In April 2010, remains of 29-year- old Selbyville resident Gregory Forte were found on the beach in Ocean City after he had been missing since February of that year. He was seen leaving a friend’s party at a Fenwick Island condominium, and police later found his car parked nearby with its radio on, driver’s side door open and keys in the ignition.
He was the subject of an extensive search by Delaware State Police, friends and family before he was found.
In late June 2006, senior weeker Nicholas Gochnour’s body was found in the Cape May Harbor Inlet, about 45 nautical miles north of Ocean City, where he had been last seen two weeks before in the area of 17th Street near Paddock Night Club. He was there with a man who was walking a dog, according to police, and had also been involved in a fight in that area the previous day.
The Cape May Medical Examiner determined Gochnour’s cause of death to be drowning with morphine toxicity as a contributing cause, but the manner of death was listed as undetermined.
In March, 23-year-old Ocean City resident Nicholas Townsend drowned after an early morning canoe accident in Assawoman Bay, and his body was found near Fenwick Island.
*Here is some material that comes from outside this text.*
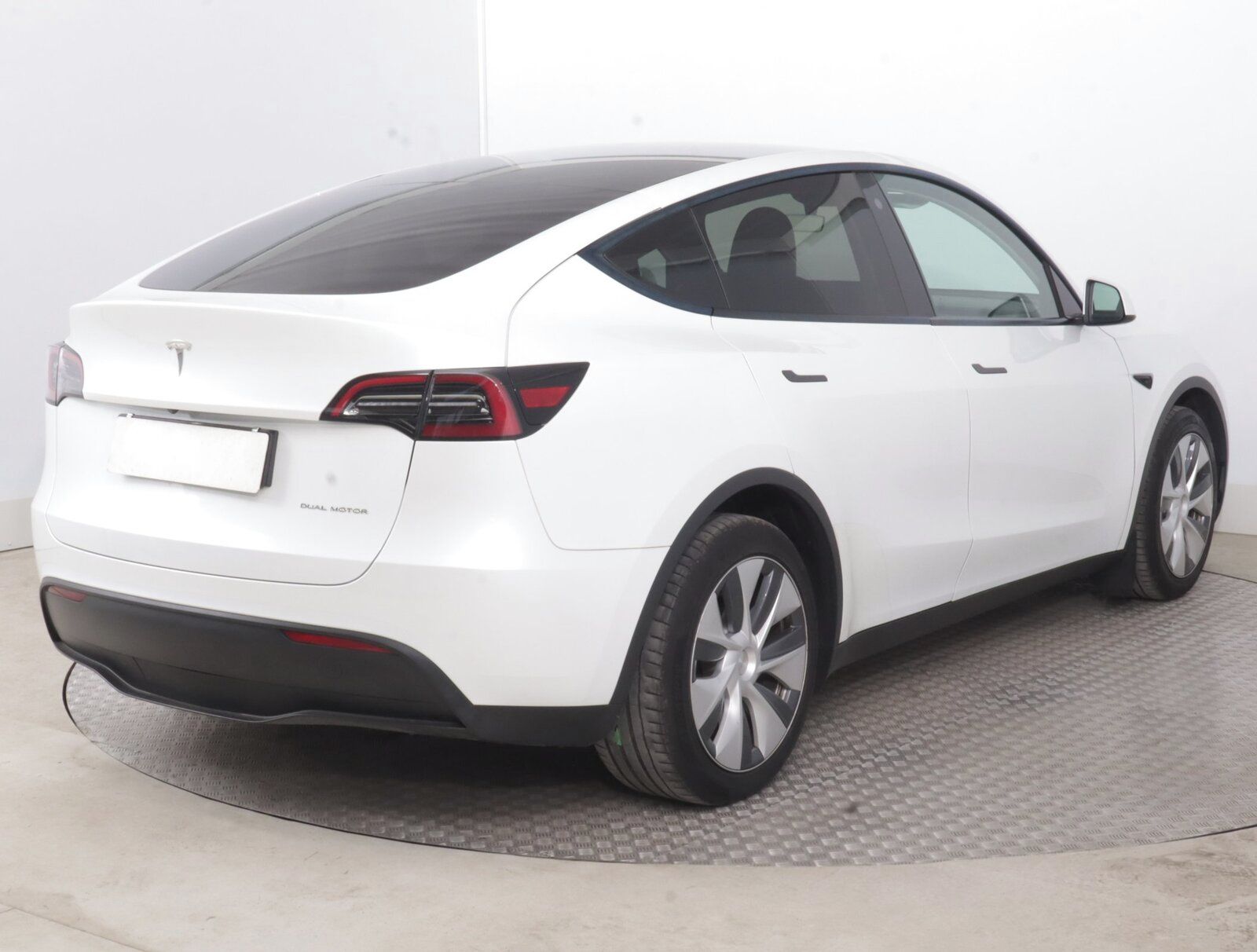 Tesla Model Y, Long Range AWD 79kWh, SoH 92% - fotka 5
He and friend Matthew Bullen, 20, of Fenwick Island had stolen the canoe, and after it capsized Bullen made it to shore but Townsend did not.
Walking in the footsteps
When a person is reported missing, a patrol officer takes a report and starts “walking in the footsteps” of the person, according to Waters. They’ll go to where a person is supposed to be to see if he or she has shown up, and then they examine the area between where a person was last seen and where they may have been headed.
For example, if a man left for work, didn’t come home and was reported missing by his wife, police would go to his workplace, see if he showed up and figure out where he was headed next.
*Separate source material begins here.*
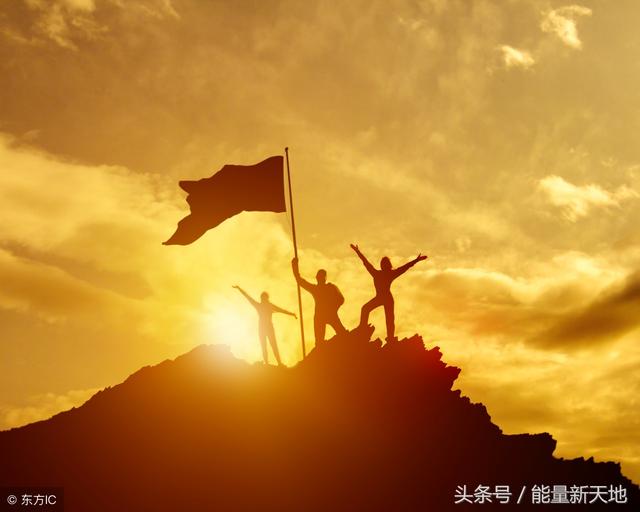 別人瞧不上你，你就越要努力，別人打擊你，你越要做出成績來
“Say he was at work until 10, and then later he was supposed to show up to a meeting in Salisbury (Md.) but he didn’t, then we know that somewhere between those two points is where we need more information,” Waters said.
OCPD reaches out to the Worcester County Sheriff’s Office, Maryland State Police and whichever other agencies should be on the lookout or may have information, including those in the area where the missing person is from if they aren’t local.
After someone is missing for 48 hours, the department’s criminal investigation division gets called in to take over for patrol officers. Credit card and cell phone use is examined, among other things, Waters said, and the area where the person was last seen is heavily canvassed. Detectives and officers interview people who live and work in that area, and family and friends from all over are interviewed to see if the missing person has said or done anything that would give any inclination into what their whereabouts may be.
Input from the general public is often sought, as well, Waters said, and it has been in Gaines’ case. OCPD is asking anyone who has seen Gaines or had contact with him to notify detective Carl Perry with the department’s criminal investigation division at (410) 723-6604.
“You never know what little bit of information could turn into a big lead,” Waters said.
OCPD continues looking for missing persons until there is some kind of resolution, she added.
“We’ll not by any means stop,” said Waters. “Sometimes at a certain point you need to be innovative and look outside the box, to step away for a minute and see what you could do differently. We’re being very proactive, and hopefully we’ll have a happy outcome, and hopefully Lance comes back safely.”